Together with Hanna Linell of the social services research unit in Stockholm county, Schlytter reviewed 57 verdicts of youth taken into custody from 2006 in Stockholm and Västra Götaland counties.
In 18 cases (that is 1/3), the girl had lived in a family with some elements of honor criteria, that the researchers defined as threats, punishment or family arranged or forced marriages. Other criteria are genital mutilation or a demand for virginity (ie, intact hymen).
But the social services are poorly prepared to deal with the girls' situation. Often they are sent to the school.
The social services have been going to courses, go to training about the overall pattern, what it looks like, getting certain information. But how they meet it on the individual level, how can they recognize it when dealing with a specific case?
Schlytter says that people are poorly prepared and the law doesn't say anything.
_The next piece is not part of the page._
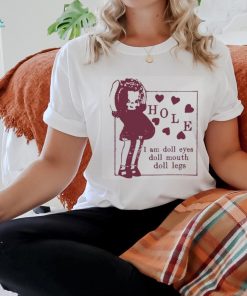 Hole I Am Doll Eyes Doll Mouth Doll Legs t shirt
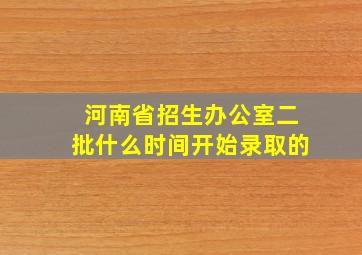 河南省招生办公室二批什么时间开始录取的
People try to develop their own methods but it's also very difficult. They must have enough knowledge and awareness to be able to recognize it.
Schlytter says that there are some cases which are astonishing. A girl who's been subjected to violence at home for two years. There's been reports from the public health care service, from the school and from the psychiatric care and the social service still thinks that there are no problems in the conditions at home.
Source: Sweden Radio (Swedish)
See also: Sweden: Honor-related violence, Sweden: Honor related violence widespread
6 comments:
"Families with honor traditions"? I wonder what families those could be. This is yet another article about honor violence that doesn't even mention Islam.
It goes without saying at this point that the only people left on this planet who substitute "honor" for morality are Muslims. Even the technically "godless" communist Chinese typically demonstrate a high degree of morality (i.e., they're by and large very law-abiding, they take fantastic care of their families, they're incredibly hard-working, etc.; I also realize that China has a million Jews, and countless loads of Christians and Buddhists). Not surprisingly, China's lawless province is the Uighur, which is demographically you-know-what. We did away with all the other honor cultures when we nuked Japan and cut the Shinto Achilles' heel and the Germans got some Judeo-Christian sense knocked back into them. That is pretty much the fate of honor cultures, except that the Islamic culture is one which, left to its own devices, and (hopefully, someday) isolated in its own lands and deprived of foreign aid, will devour itself from the inside out just like it always has without new lands to conquer and jizya from the free world.
What on Earth does "inspected in school" mean? I imagine that that would not carry the typical American meaning, namely being sniffed by dogs, put through metal detectors, and often patted down and made to carry transparent backpacks.
In repsonse to jdam13.
Honor violence has nothing to do with religion. It is cultural, and you would often hear of it in some cultures who just happen to be 'practicing' Islam. They, nor anyone can find justification for these acts from Islamic scriptures.
Hi Webdawah
But religion is just a codification of culture. This is the modern understanding based on classical sociological works. It might be news to you, but all those old Divine texts are actualy manmade. Unfortunately the codification of culture in Divine texsts makes it difficult to change the culture.
Late response to prl...
Religion and culture are exclusive. If you are talking about a certain religion in question, Islam for instance, Africans, American, Eurpoeans practice this without honor killing. The texts have nothing in them that support this practice.